**Task directions:** Return, unchanged and with no pictures, the lines below from the very first through the one that contains "Alphabet Stacking Ring".

═════ Source material

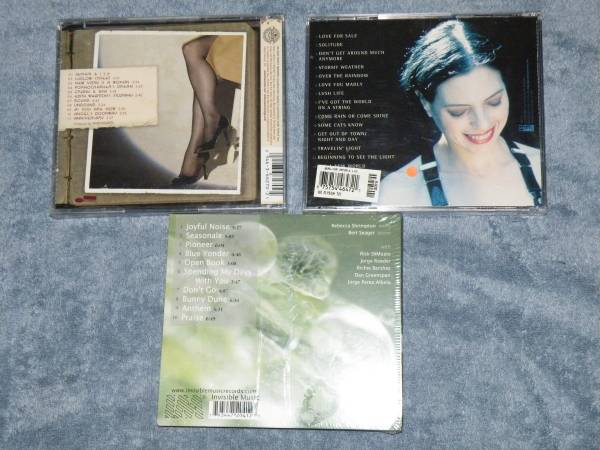 CDs de música - (Todos los 3) Mujeres-Schneider, Shrimpton, Vega - Nuevo sellado - $5 (Boston y al norte)63471243781123121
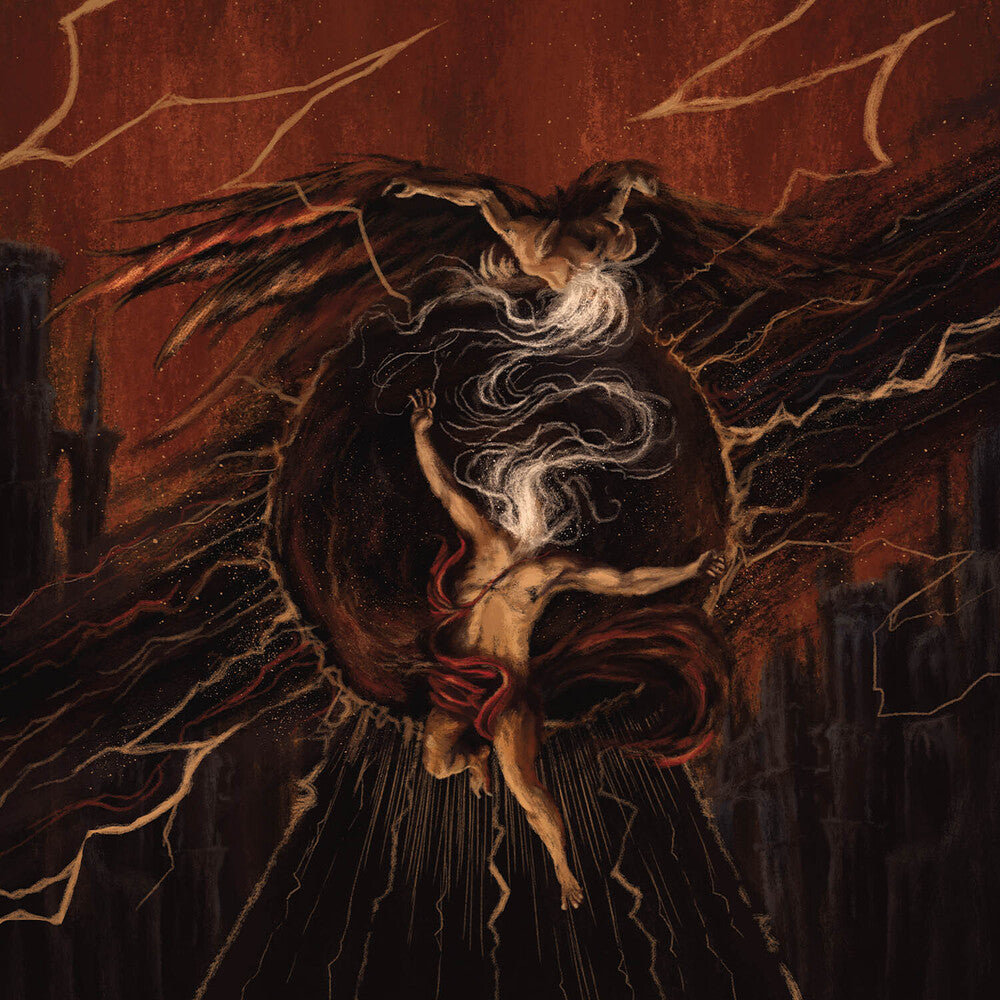 the album cover for Adversvm - Vama Marga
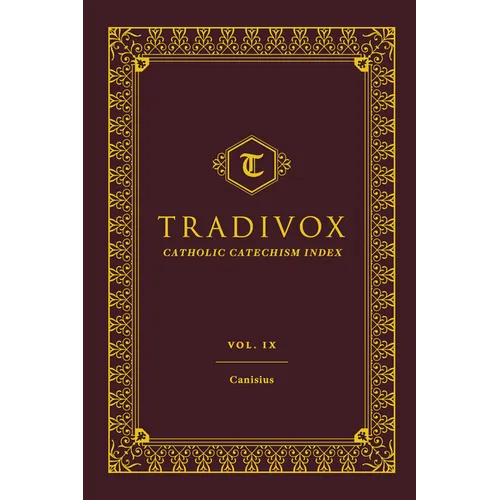 Tradivox Vol 9: Canisius
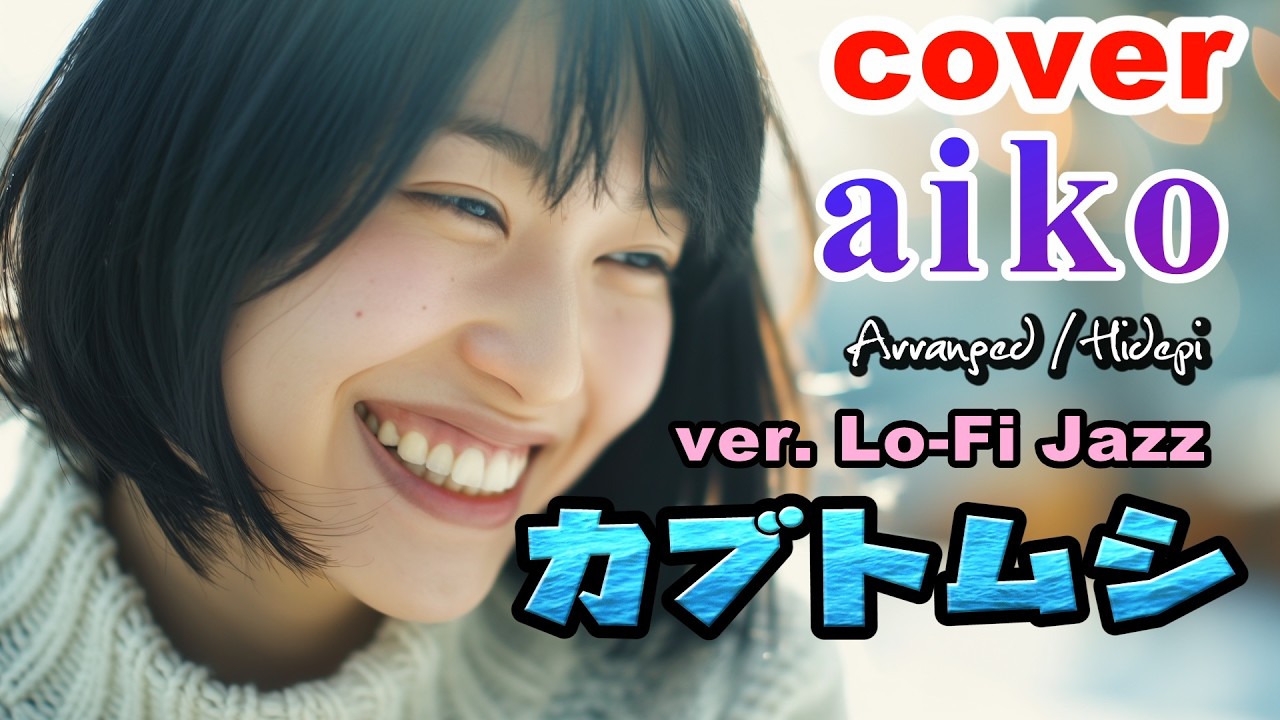 cover.aiko「カブトムシ 」ver. Lo-Fi Jazz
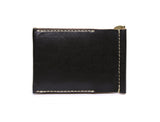Flip Wallet in BLAQ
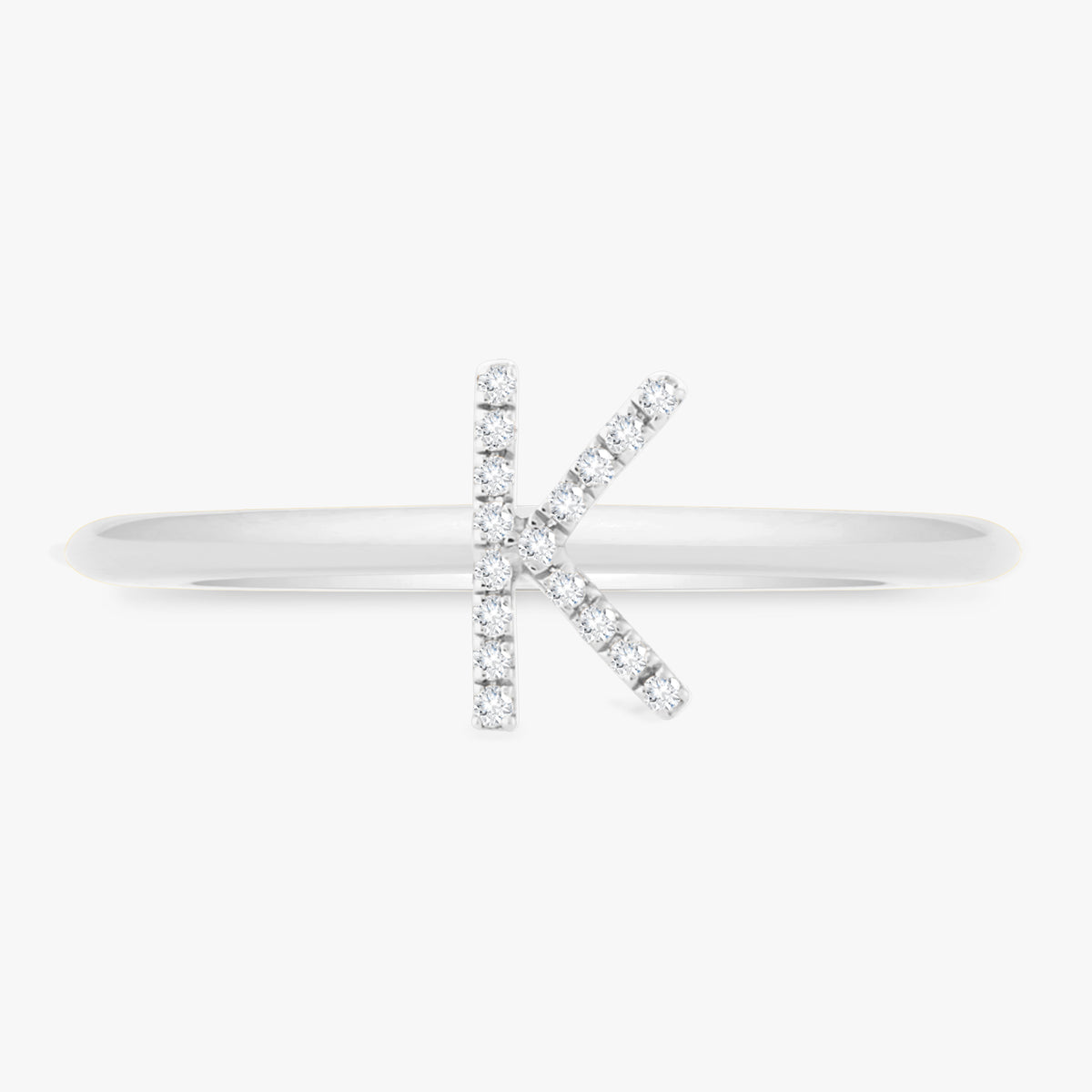 Alphabet Stacking Ring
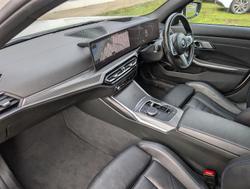 2023 BMW 3 Series 330i M Sport G20 LCI Alpine White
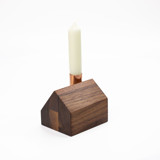 Saltbox Candles & Holders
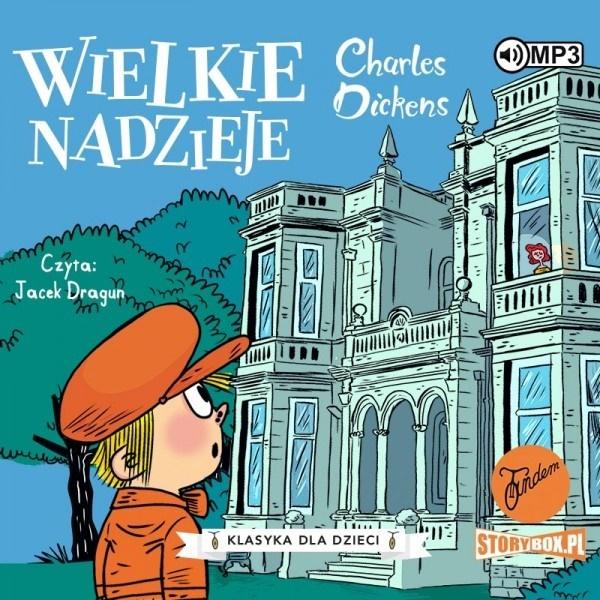 Charles Dickens Deel. 2 Grote Verwachtingen audioboek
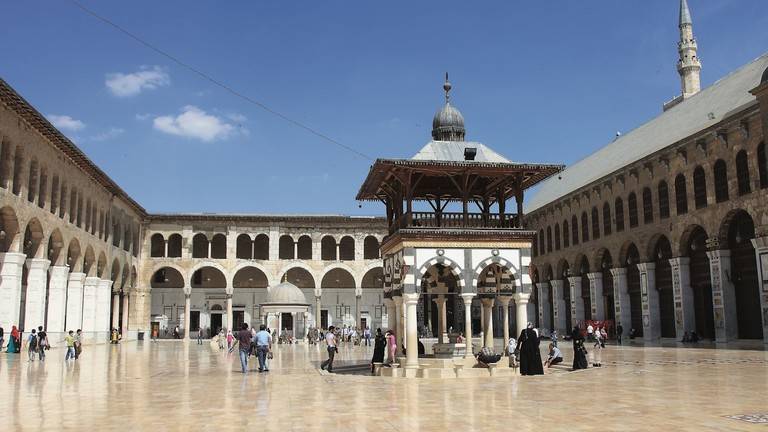 مصدر سوري : لا صحة لأخبار اعتقال خطيب الجامع الأموي السابق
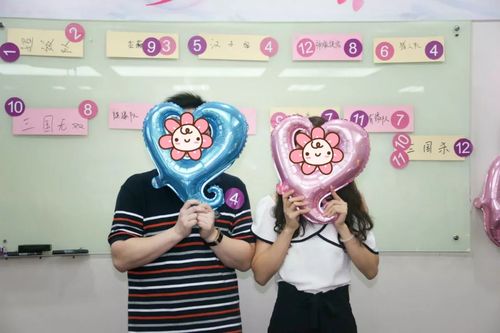 七夕|拿着爱的号码牌,终于在科腾遇见你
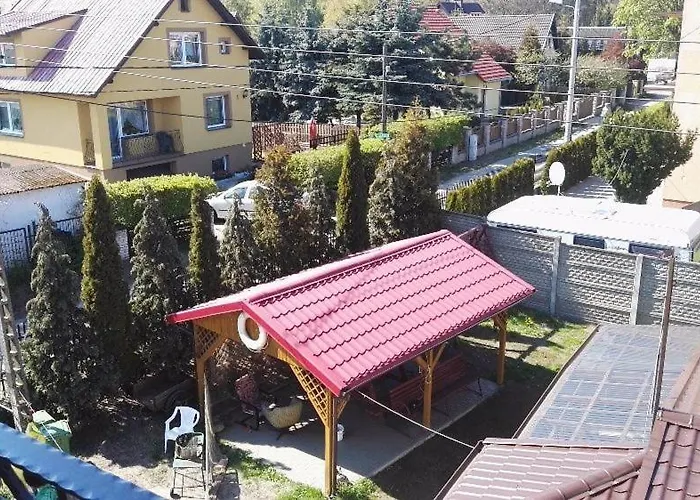 Habitación en casa particular Klimatyzowane Goscinne I Tomek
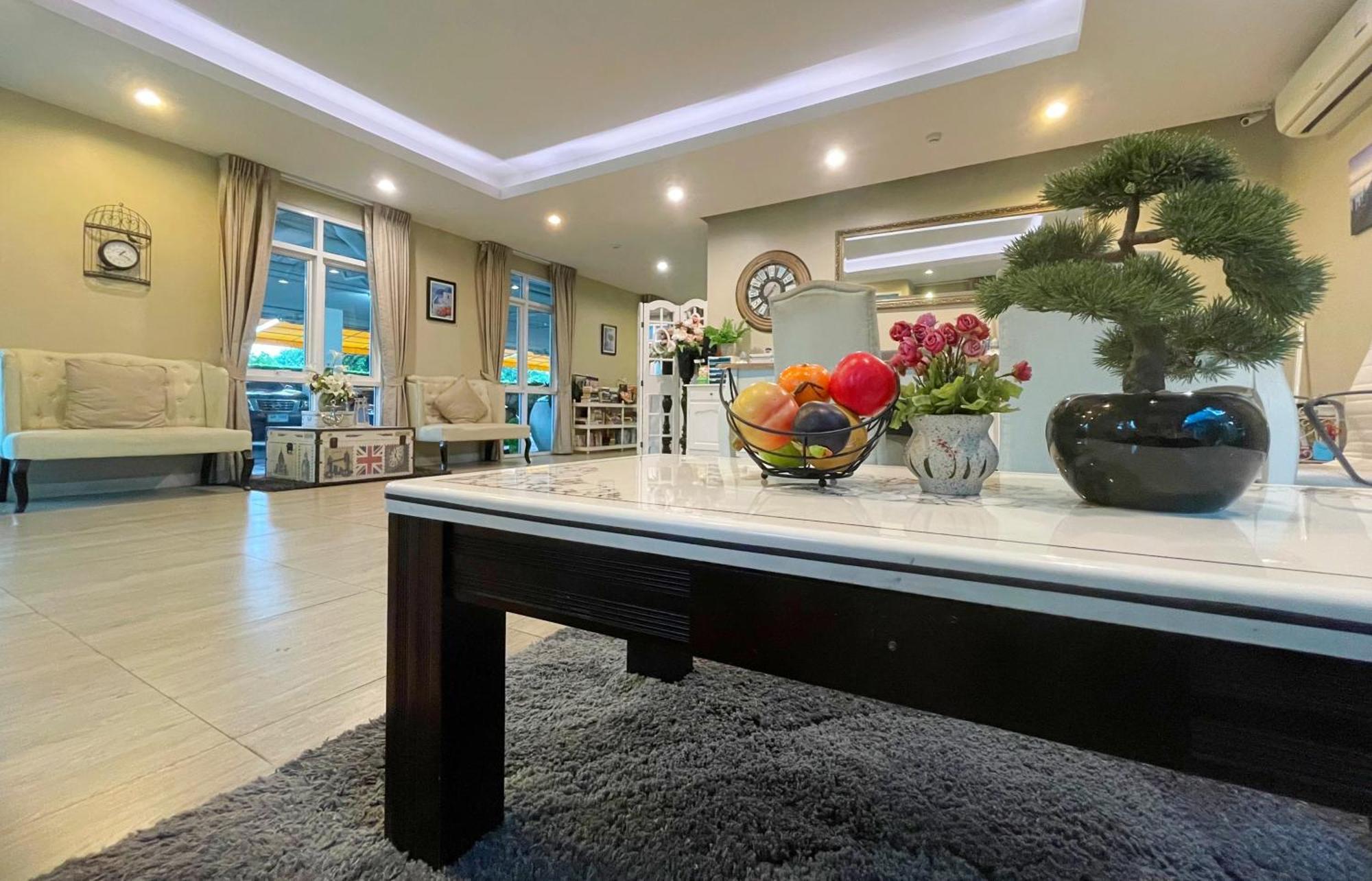 Baan Pattaya By Sabai Otel Dış mekan fotoğraf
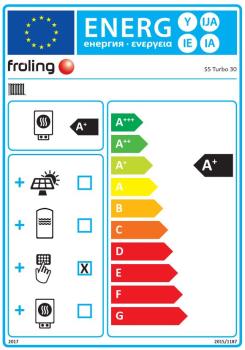 Preview: Fröling S5 Turbo | Scheitholzkessel | 30 kW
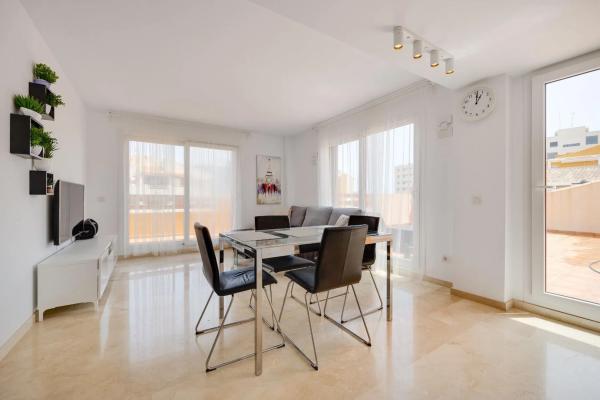 Ático en Punta Prima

══════════

**Worked solution:**
 CDs de música - (Todos los 3) Mujeres-Schneider, Shrimpton, Vega - Nuevo sellado - $5 (Boston y al norte)63471243781123121
 the album cover for Adversvm - Vama Marga
 Tradivox Vol 9: Canisius
 cover.aiko「カブトムシ 」ver. Lo-Fi Jazz
Flip Wallet in BLAQ
 Alphabet Stacking Ring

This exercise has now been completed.